I have written before about ceres, and today I thought I would post my thoughts about a recent price break-out to the upside, from what was a very strong bearish wedge. ie., the chart indicated that the price would fall out of the wedge.
By way of background, when my business relationship with Alan ended, he suggested that I might find trading a profitable pastime, an observation that I initially and scornfully dismissed for two main reasons.
- I did not consider it to be “honest” work;
- Humans like patterns, and I did not “like” the “self-fulfilling” aspect of the chartist.
And, quite possibly, this is the best “job” I have ever had, so good in fact, that I get that “Sunday evening feeling” on a Friday night because I know the markets are closing for two days! Damn the markets and thank god for – in no particular order – mountain bikes, paragliders, friends and 24/7 crypto$ to keep me occupied at weekends!

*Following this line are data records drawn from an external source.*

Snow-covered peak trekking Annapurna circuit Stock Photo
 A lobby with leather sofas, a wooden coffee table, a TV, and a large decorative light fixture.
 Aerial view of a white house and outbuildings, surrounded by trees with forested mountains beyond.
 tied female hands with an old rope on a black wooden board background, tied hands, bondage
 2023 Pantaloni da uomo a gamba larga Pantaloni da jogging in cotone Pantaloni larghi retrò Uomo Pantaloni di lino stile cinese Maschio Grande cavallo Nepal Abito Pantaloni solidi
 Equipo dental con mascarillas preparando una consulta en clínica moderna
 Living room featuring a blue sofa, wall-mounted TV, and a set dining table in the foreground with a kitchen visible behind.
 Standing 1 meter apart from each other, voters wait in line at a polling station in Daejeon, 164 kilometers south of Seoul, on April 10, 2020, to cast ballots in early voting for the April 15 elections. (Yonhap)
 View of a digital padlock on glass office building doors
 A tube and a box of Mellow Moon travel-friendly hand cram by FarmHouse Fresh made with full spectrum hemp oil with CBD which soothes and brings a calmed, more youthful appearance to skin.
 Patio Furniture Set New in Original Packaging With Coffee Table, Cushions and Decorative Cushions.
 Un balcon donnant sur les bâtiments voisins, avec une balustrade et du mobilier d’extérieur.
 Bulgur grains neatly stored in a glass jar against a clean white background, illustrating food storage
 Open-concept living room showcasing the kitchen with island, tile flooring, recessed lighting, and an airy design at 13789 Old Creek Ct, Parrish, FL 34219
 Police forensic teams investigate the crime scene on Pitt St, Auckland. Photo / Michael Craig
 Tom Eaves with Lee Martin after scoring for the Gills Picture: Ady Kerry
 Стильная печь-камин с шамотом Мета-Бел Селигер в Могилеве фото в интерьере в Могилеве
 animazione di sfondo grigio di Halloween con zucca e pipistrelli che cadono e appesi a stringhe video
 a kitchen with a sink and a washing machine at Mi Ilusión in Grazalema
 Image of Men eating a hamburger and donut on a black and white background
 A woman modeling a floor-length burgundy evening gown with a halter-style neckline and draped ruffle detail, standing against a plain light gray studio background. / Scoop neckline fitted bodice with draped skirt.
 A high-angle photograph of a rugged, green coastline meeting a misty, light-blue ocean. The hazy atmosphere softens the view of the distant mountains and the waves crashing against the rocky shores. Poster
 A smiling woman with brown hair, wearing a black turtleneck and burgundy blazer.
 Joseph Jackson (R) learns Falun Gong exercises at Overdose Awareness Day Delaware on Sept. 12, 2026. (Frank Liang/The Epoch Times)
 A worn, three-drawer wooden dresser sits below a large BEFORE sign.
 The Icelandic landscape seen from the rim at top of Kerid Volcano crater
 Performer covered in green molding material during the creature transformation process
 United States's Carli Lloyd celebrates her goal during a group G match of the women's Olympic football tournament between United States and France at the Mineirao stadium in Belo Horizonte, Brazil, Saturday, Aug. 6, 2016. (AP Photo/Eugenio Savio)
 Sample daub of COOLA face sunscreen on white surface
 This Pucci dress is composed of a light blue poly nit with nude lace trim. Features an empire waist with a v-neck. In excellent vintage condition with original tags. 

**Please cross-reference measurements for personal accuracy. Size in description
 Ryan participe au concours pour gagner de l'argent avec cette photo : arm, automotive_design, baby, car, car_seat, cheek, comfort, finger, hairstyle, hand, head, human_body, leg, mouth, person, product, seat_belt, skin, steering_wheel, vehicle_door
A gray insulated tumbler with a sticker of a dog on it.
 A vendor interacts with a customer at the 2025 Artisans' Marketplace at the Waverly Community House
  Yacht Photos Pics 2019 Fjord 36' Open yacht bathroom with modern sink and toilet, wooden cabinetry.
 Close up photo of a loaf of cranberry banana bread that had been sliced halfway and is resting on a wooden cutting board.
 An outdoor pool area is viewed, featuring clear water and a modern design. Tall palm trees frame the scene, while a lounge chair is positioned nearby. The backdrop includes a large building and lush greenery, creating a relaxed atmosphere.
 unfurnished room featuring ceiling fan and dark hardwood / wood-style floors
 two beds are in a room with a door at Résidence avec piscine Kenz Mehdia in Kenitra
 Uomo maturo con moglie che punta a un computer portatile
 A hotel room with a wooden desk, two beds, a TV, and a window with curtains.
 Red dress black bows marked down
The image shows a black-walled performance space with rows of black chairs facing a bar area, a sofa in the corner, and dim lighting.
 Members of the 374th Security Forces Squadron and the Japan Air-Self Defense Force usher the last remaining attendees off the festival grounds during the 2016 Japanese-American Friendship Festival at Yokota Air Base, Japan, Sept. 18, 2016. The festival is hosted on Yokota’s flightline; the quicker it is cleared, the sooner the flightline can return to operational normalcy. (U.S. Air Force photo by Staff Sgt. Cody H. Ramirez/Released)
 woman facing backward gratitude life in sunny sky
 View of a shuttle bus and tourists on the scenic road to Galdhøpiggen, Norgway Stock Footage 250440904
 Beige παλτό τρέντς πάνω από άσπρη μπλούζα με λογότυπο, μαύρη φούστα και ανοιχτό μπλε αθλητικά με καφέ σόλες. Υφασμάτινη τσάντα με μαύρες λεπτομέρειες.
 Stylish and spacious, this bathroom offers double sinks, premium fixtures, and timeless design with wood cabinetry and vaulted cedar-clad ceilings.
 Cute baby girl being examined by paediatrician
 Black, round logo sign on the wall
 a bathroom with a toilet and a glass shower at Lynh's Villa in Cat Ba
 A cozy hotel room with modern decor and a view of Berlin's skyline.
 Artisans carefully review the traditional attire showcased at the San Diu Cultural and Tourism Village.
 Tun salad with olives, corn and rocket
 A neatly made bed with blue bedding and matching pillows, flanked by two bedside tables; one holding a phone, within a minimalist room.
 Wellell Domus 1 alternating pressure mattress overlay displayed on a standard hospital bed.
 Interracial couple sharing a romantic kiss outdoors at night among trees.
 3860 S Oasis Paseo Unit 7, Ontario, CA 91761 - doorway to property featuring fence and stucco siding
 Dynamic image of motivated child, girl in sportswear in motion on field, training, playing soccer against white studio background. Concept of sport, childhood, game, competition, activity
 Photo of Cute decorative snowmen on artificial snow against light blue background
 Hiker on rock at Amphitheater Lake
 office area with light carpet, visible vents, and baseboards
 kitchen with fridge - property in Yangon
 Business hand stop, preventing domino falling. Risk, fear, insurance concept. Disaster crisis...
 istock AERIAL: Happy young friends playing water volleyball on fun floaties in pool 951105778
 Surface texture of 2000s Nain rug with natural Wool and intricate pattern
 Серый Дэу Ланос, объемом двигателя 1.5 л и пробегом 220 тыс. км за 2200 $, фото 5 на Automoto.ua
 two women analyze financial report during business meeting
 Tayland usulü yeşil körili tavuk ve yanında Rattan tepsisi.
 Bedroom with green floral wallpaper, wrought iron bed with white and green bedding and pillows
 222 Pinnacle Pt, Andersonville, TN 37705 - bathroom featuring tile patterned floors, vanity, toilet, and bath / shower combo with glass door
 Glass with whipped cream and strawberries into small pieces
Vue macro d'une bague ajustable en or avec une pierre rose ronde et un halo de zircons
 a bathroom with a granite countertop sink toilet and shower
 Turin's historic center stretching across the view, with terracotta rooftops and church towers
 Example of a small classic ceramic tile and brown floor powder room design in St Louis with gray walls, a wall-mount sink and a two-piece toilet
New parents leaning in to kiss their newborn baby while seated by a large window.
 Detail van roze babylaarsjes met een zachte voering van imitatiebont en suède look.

There are far better people out there that can explain what trading is and I still consider myself to be an amateur, but I can set out what I think trading is.
Before I do, however, I will state that I do not use leverage for my trades. I will either own shares or cash, but I will never be closed out by a third party.
Firstly, there are the fundamentals – facts.
The first type of fundamental to me is the financial statements and their ratios and (un)fortunately (without application they are completely boring) I had to learn about these when I was training to be an accountant.
My favourites are these; price/earnings, price/book value, current and quick ratios.
The next fundamental to me is an assessment of the prospects of the company and the industry that it is in.
Finally, for fundamentals, there is the assessment of the impact of political policies and worldwide events on the above (news has never been so interesting to me as it is now!).
The chartist approach is to look at the charts, and using the tools that are available to, and used by, all traders, to try to predict the next movement in price.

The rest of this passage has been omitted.